A/B Test Winner Detection

WITH variant_stats AS (
  SELECT
    variant_id,
    COUNT(*) as sample_size,
    AVG(CASE WHEN feedback = 'positive' THEN 1 ELSE 0 END) as positive_rate,
    AVG(latency_ms) as avg_latency
  FROM experiment_results
  WHERE experiment_id = 'exp-123'
  GROUP BY variant_id
)
SELECT
  *,
  CASE
    WHEN positive_rate > (SELECT positive_rate FROM variant_stats WHERE variant_id = 'control')
    THEN 'WINNER'
    ELSE 'LOSING'
  END as status
FROM variant_stats;

Best Practices

1

Always trace LLM calls

Use withTracing wrapper for all LLM interactions
2

Set meaningful prompt versions

Track which prompt version produced each response
3

Run experiments with sufficient sample size

At least 100 samples per variant for statistical significance
4

Monitor costs regularly

Set up alerts for unexpected cost increases
5

Archive old traces

Move traces older than 90 days to cold storage

Notification Deduplication

The TaskNotificationDedupService (apps/api/src/modules/jobs/task-notification-dedup.service.ts) prevents duplicate notifications from being sent for the same event.

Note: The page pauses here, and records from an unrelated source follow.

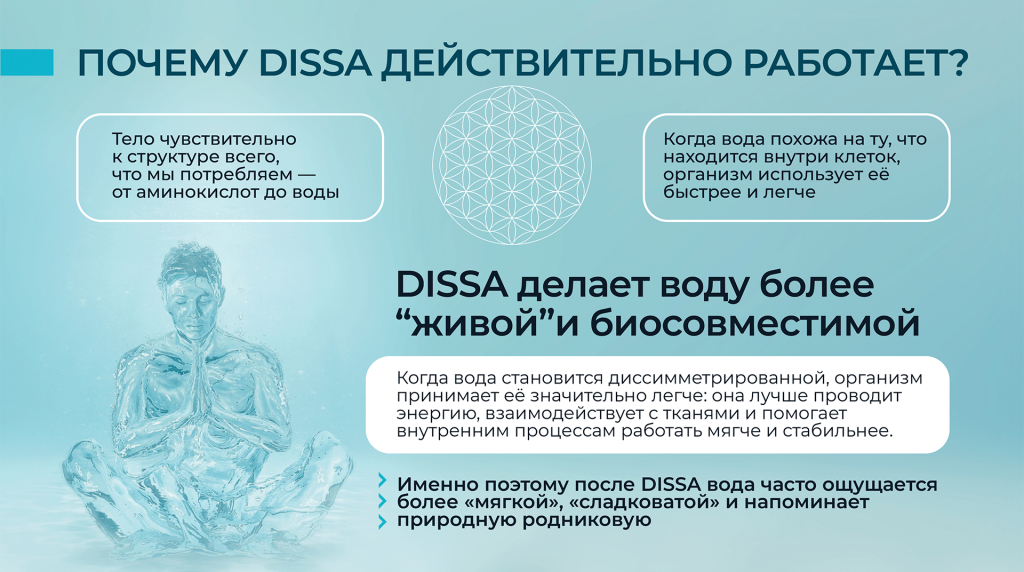 Почему работает DISSA
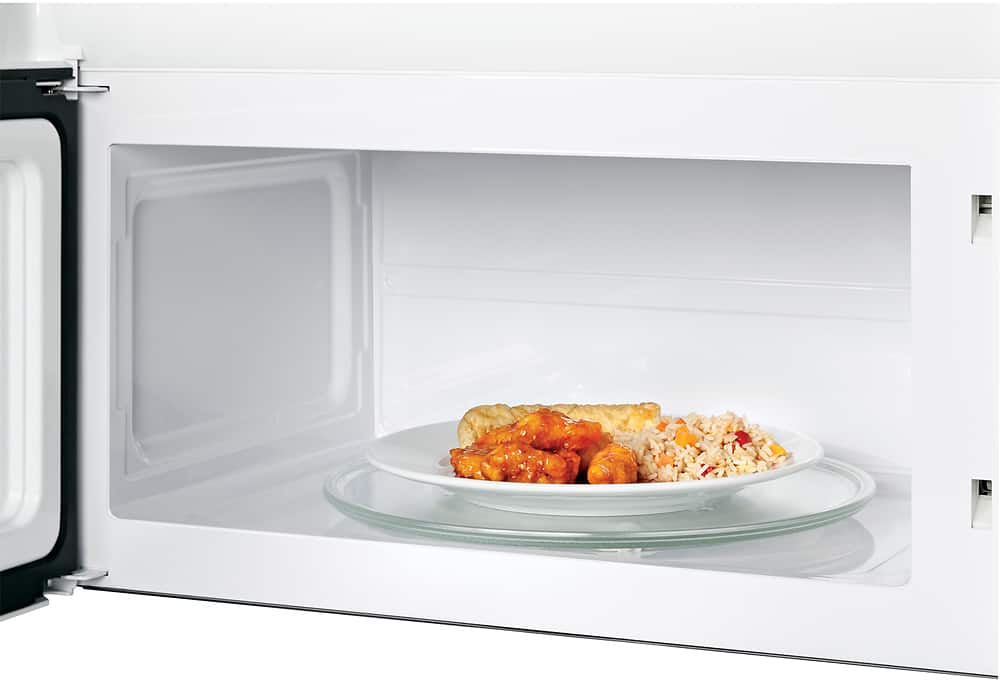 Alt View 15. GE - 1.6 Cu. Ft. Over-the-Range Microwave - White.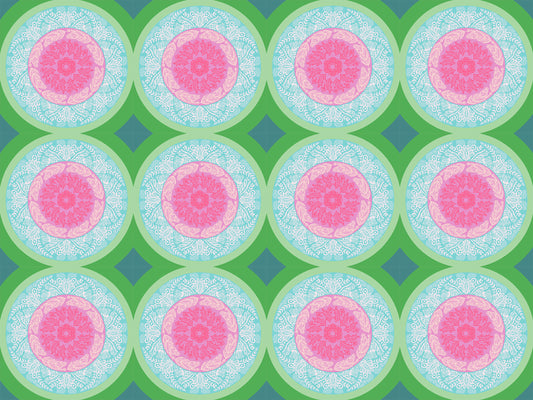 Doily (Powder) by Anna Maria Textiles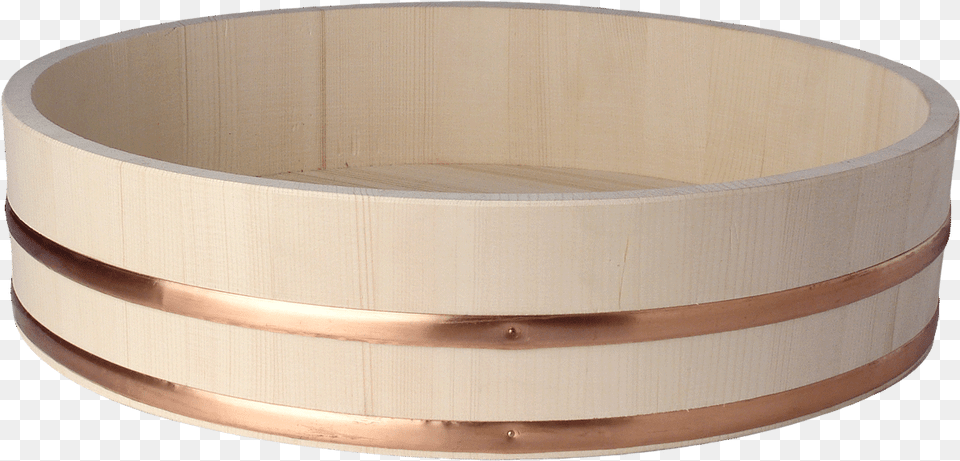 Sushi Hangiri 27 Cm Plywood, Wood, Hot Tub, Tub, Bowl Free Transparent Png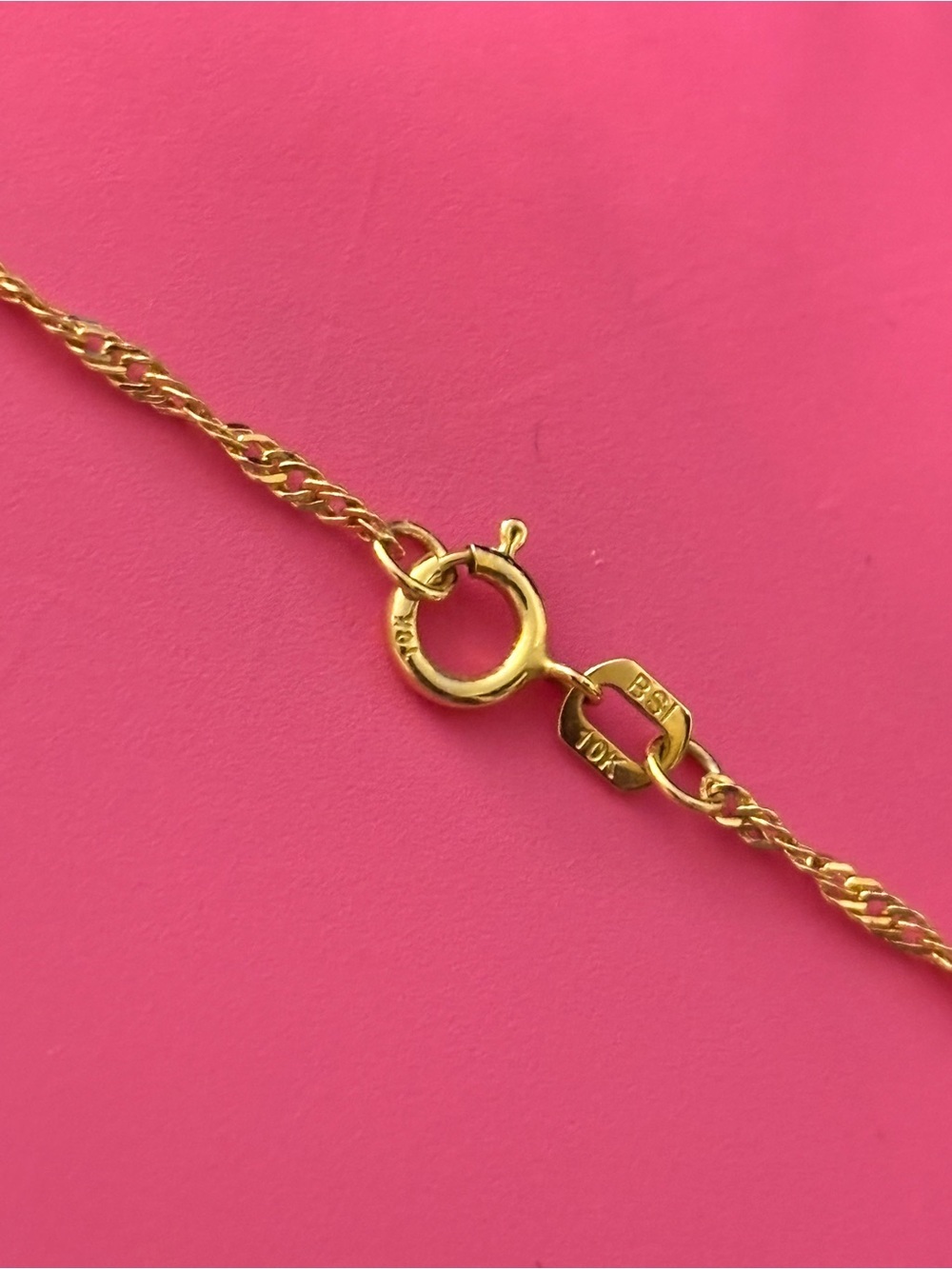 1.5mm Real 10k Solid Gold Twist Chain 22 in. - Picture 9 of 9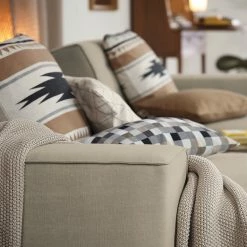 Tom Tailor Méridienne Nordic Chic - Tissu TUS : 1 ecru - Accoudoir monté à gauche (vu de face) 21 Tom Tailor Méridienne Nordic Chic - Tissu TUS : 1 ecru - Accoudoir monté à gauche (vu de face) -loftscape Boutique recamiere lanipa webstoff armlehne davorstehend rechts kaschmir 4217564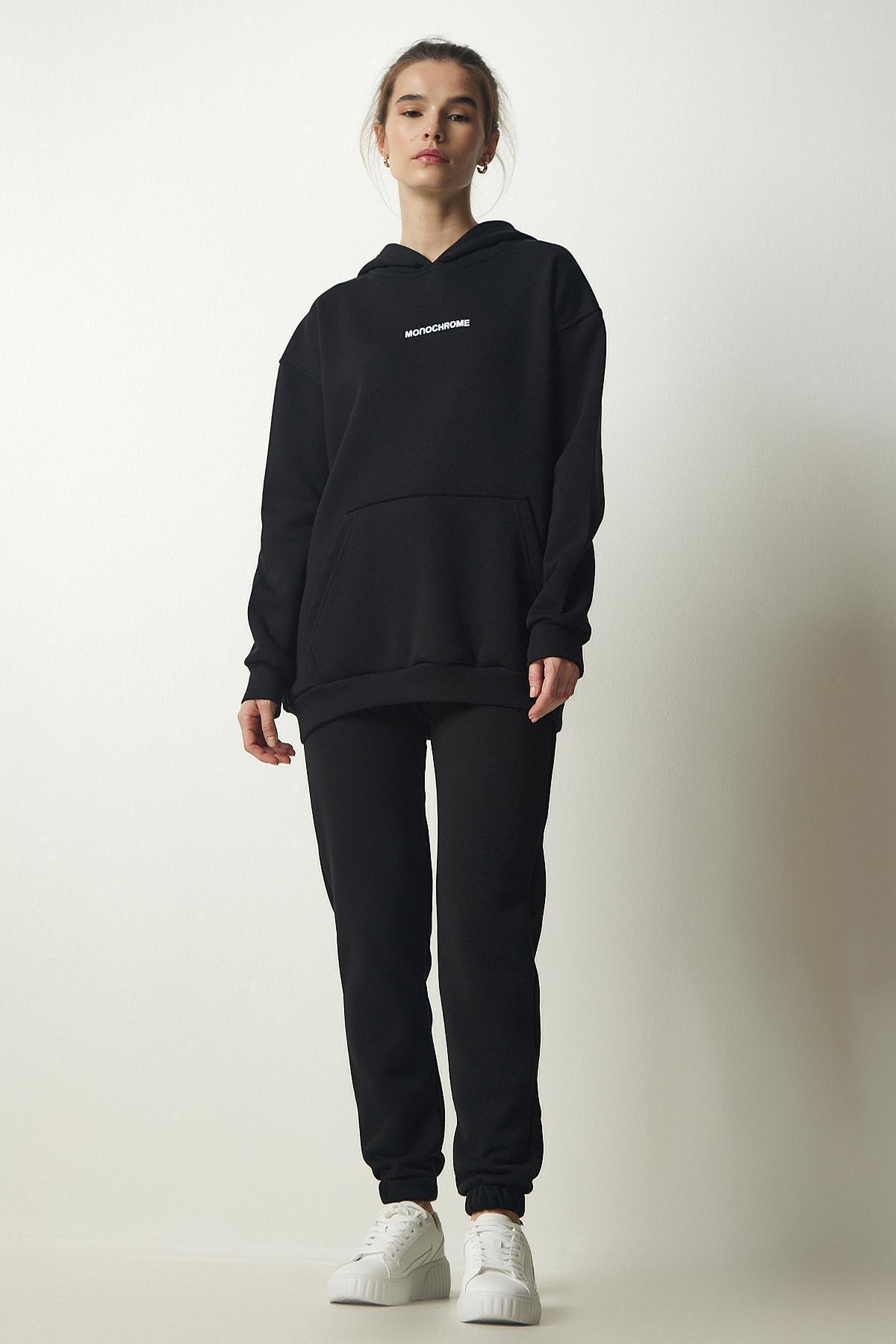 Black Raised Knitted Co-Ord Set, , large image number 1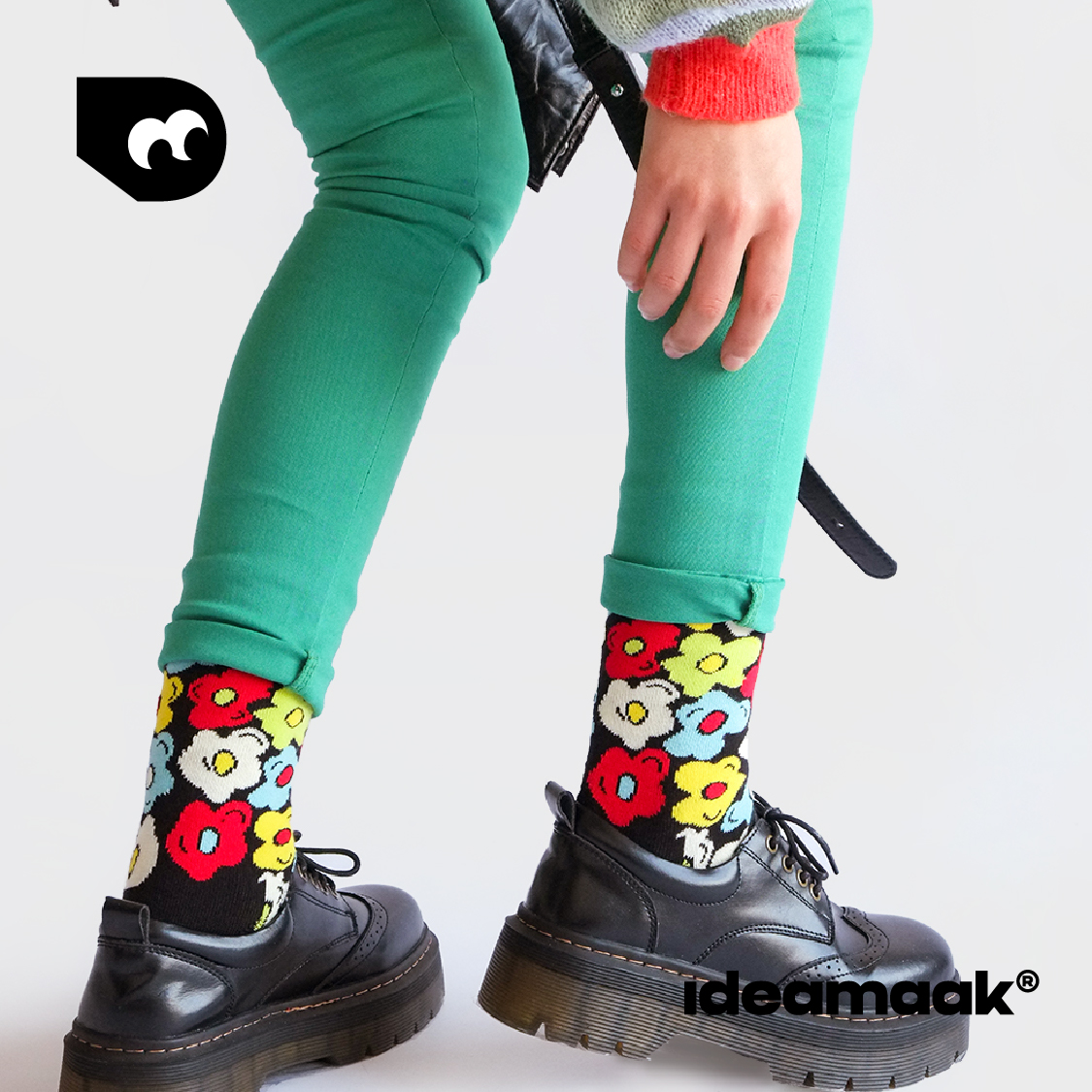 花袜子皮鞋玛丽珍鞋超搭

It uses Redis-based dedup keys to ensure that repeated events (e.g., multiple overdue checks for the same task) only generate one notification within a configurable window. This is critical for cron-driven jobs that run frequently and may process the same tasks multiple times.
LLM traces may contain sensitive user input. Ensure proper access controls and consider truncating input in traces for privacy compliance.